Getting Started

This guide provides a brief overview of how to install and use kraken.

Installation

Kraken can be run on Linux or macOS (both x64 and ARM). Installation is through the on-board pip utility. To not pollute the global state of your distribution’s package manager it is recommended to use virtual environments. If you do not have a setup or do not wish to handle virtual environments yourself you can use pipx.

$ sudo apt install pipx
$ pipx install kraken

kraken works both on Linux and Mac OS X and with any python interpreter between 3.10 and 3.13. It is possible the installation fails because pipx defaults to an unsupported interpreter version. In that case you need to install a compatible interpreter version such as 3.13 and then specify this version explicitly:

$ sudo apt install python3.13-full
$ pipx install --python python3.13 kraken

Installation using pip

Create and activate a separate virtual environment using whatever tool you like.

$ pip install kraken

or by running pip in the git repository:

$ pip install .

If you want direct PDF and multi-image TIFF/JPEG2000 support it is necessary to install the pdf extras package for PyPi:

$ pip install kraken[pdf]

or

$ pip install .[pdf]

respectively.

Development branch installation using pip

To install the latest development branch through clone the kraken git repository and perform an editable install:

$ git clone https://github.com/mittagessen/kraken.git
$ cd kraken
$ pip install --editable .

Model Retrieval

After installation, you’ll need a model to process your documents. In kraken, models are pre-trained files that contain the knowledge for a specific task, such as identifying the layout of a page or recognizing characters in a particular script.

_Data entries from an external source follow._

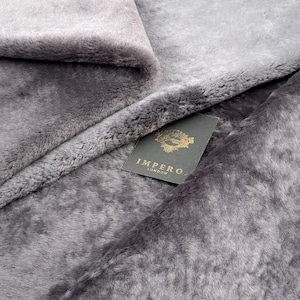 May include: Close-up of a grey faux fur fabric, folded to show its texture. The fabric has a soft, plush appearance. A tag with the text "IMPERO LONDON" is visible.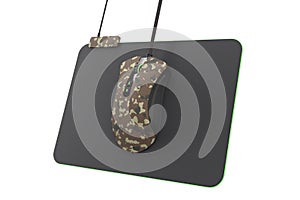 Modern camouflage gaming mouse on professional pad on white with clipping path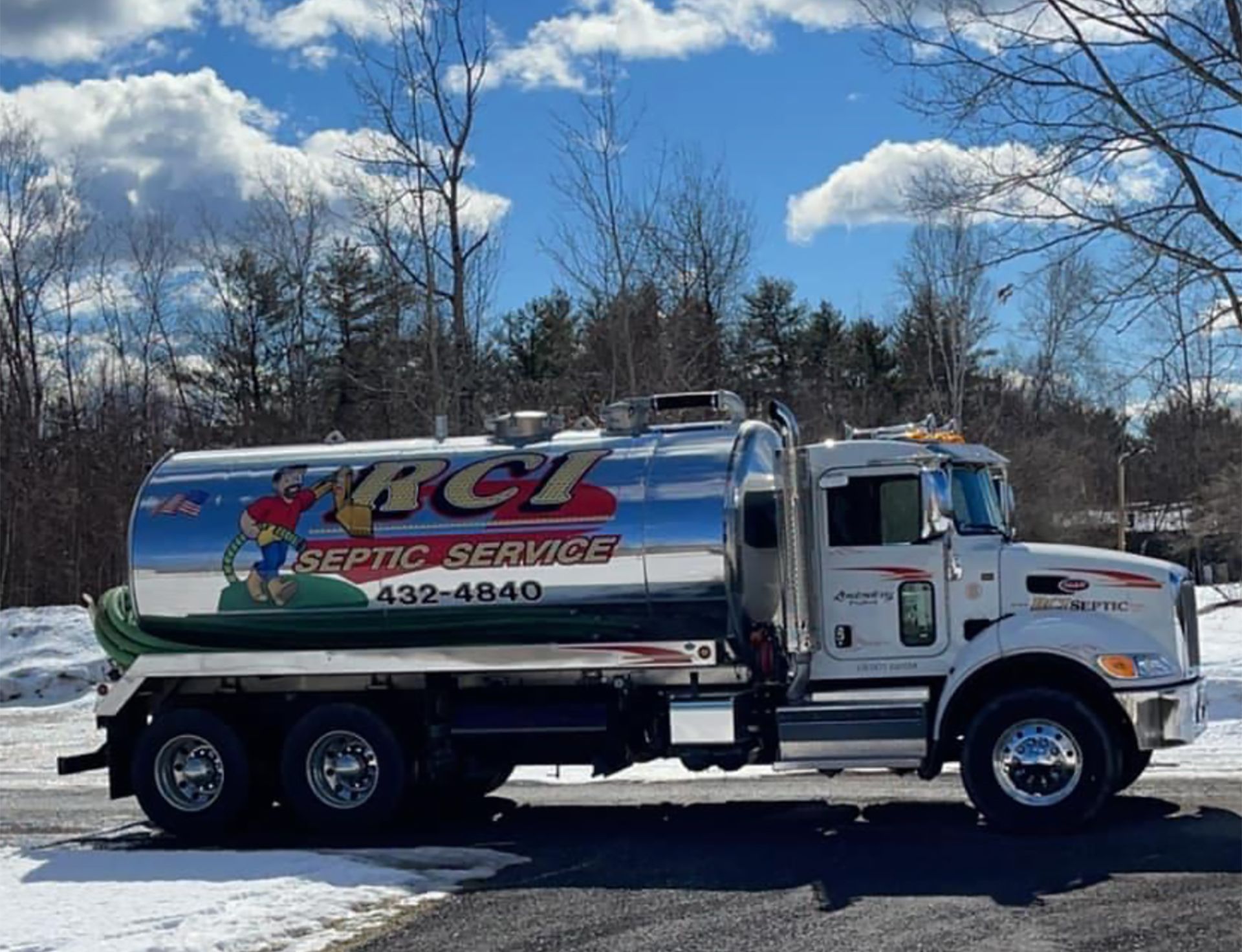 A septic service truck is parked in the snow.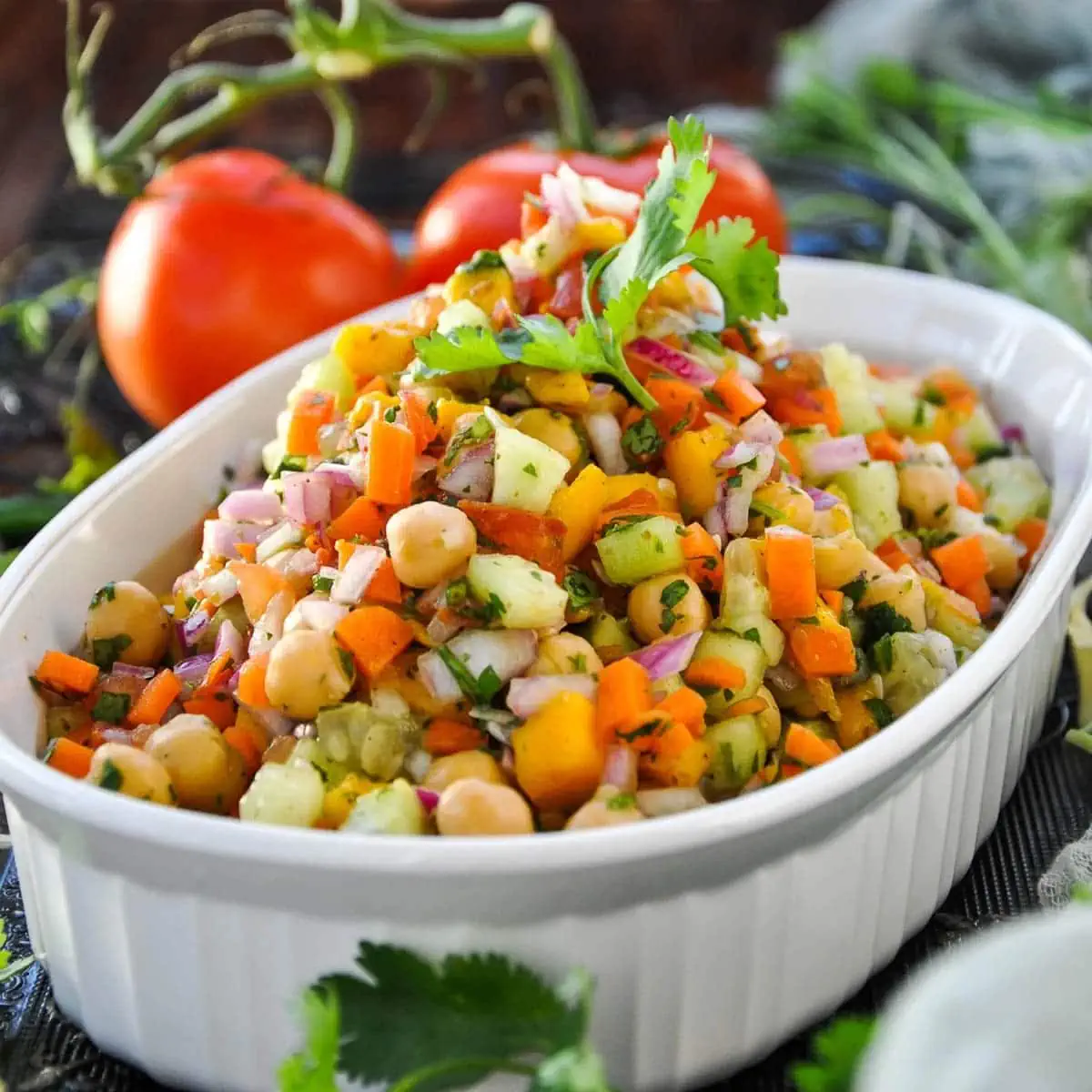 Mango Chickpea Kachumber Salad in a white serving bowl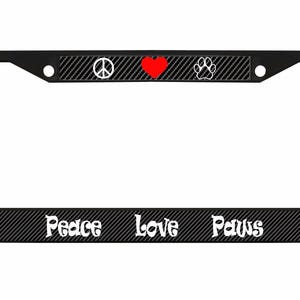 May include: Black license plate frame with a carbon fiber pattern. The top features a peace symbol, a red heart, and a paw print. The bottom has the words "Peace Love Paws" in white script.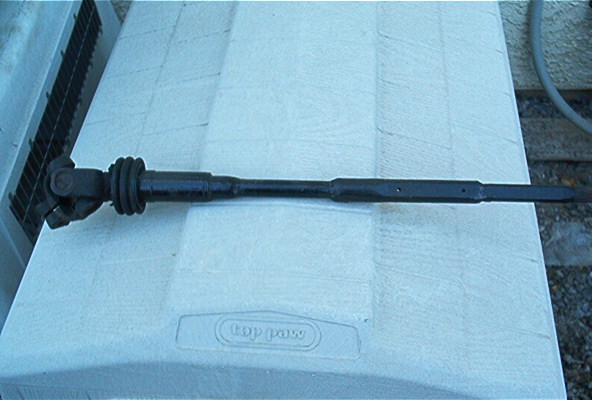 driveshaft with u-joints and rubber boot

Kraken provides a public repository of freely available models that can be accessed from the command line. To list all available models, run:

$ kraken list

To download a model, use the get command with the model’s DOI. For example, to download the default model for printed French text, run:

$ kraken get 10.5281/zenodo.10592716

For more information on how to interact with the model repository, please refer to the Model Management section of the user guide.

The ATR Workflow

Automatic text recognition is a multi-step process that transforms an image of a document into a text file. In kraken, this process is broken down into a sequence of chainable commands, each performing a specific task.

The three main steps in a typical ATR workflow are:

  1. Layout Analysis (Segmentation): This step identifies the regions and lines of text on the page. In kraken, this is done with the segment command.

  2. Text Recognition (ATR): This step transcribes the text from the line images identified in the previous step. In kraken, this is done with the ocr command.

  3. Serialization: This step saves the output of the previous steps in a structured format, such as plain text, ALTO, or PageXML. This is handled by the output options of the kraken command.

Models are essential to this workflow, as they provide the specific knowledge for layout analysis and text recognition. They are integrated into the kraken workflow as parameters for the segment and ocr commands. The choice of model is crucial for achieving good results, as a model trained on a specific type of material will perform best on similar material.

Here is a quick example of a complete workflow:

Recognition
Segmentation
Serialization
Segmentation Model
Image
Baselines,
Regions,
and Order
OCR Records
Output 
File
Recognition
Model
Output Template

Recognizing text on an image using the default parameters, including page segmentation:

$ kraken -i image.tif image.txt segment -bl ocr -m catmus-print-fondue-large.mlmodel

In this example, segment performs the layout analysis, and ocr performs the text recognition using the catmus-print-fondue-large.mlmodel. The final transcription is saved to image.txt.